Lain halnya dengan Francine, Janine merupakan perempuan masa kini yang sudah dipengaruhi oleh modernisasi. Karakter Janine menunjukkan kecenderungannya sebagai post-feminist. Bukti yang memperkuat kecenderungan ini adalah bagaimana Janine akhirnya memutuskan untuk membebaskan dirinya dari belenggu ketidakbahagiaan, dan memilih untuk menikahi laki-laki lain. Janine menuntut Miles untuk menunjukkan afeksi yang lebih, mulai dari hal-hal sederhana seperti komunikasi dalam rumah tangga. Janine adalah pengikut setia dari konsep pernikahan dan ingin memiliki kebahagiaan dalam rumah tangganya seperti wanita pada umumnya; sesuai dengan konsep kebahagiaan menurutnya. Ini ditunjukkan dalam hubungannya dengan Walt Comeau lelaki yang ia pilih untuk menggantikan posisi Miles. Berkat Walt Comeau-lah, Janine akhirnya merasakan afeksi seorang laki-laki yang utuh; perhatian, kasih sayang, bahkan orgasme yang baru pertama kali ia rasakan selama 40 tahun usianya.

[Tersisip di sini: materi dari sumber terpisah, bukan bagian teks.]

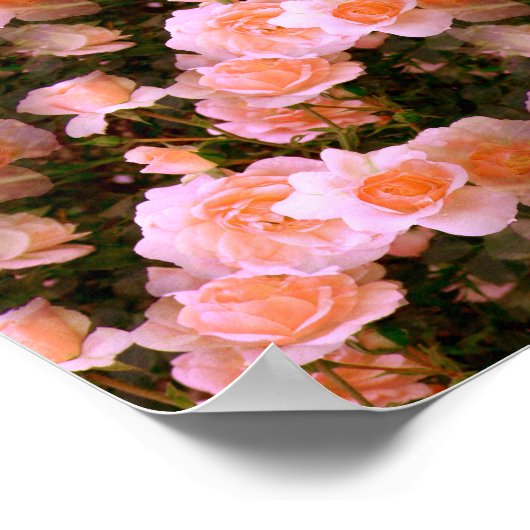 Poster Bliss of Spring.... (Coin)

Perbedaan dan persamaan yang kontras antara Francine dan Janine sebagai representasi wanita dari dua generasi dan dari ideologi yang berbeda disatukan dalam determinasi yang dibentuk dalam tatanan sosial. Determinasi ini mencakup relasi kuasa laki-laki dan konsep gender. Sebagai hasilnya, mereka tidak bahagia dengan pasangan mereka. Whitting dan Janine sama-sama merasa inferior, merasa sebagai ‘the unwanted’, dan ‘the unloved’. Karakter antagonis mereka justru terbentuk karena konsep maskulinitas dari pasangannya. Mereka korban adalah bukan pelaku, karena sebagai perempuan sekaligus istri mereka memiliki hak untuk dicintai pasangannya, dimengerti, bahkan dihargai kebutuhannya. Mereka adalah korban ketidakadilan akan hak asasi manusia. Sebaliknya, Russo tidak menempatkan mereka sebagai korban ketidakadilan namun sebagai pelaku kejahatan. Perjuangan mereka menuntut hak mereka sebagai istri dan sebagai perempuan digambarkan sebagai ‘pembangkangan’ dan kriminalitas dalam rumah tangga. Selain menempatkan mereka sebagai ‘the bad’, Russo menentukan alur kehidupan yang buruk bagi mereka balasan atas perbuatan mereka. Bentukan ini lahir dari determinasi sosial laki-laki, melalui ideologi maskulinitas Russo.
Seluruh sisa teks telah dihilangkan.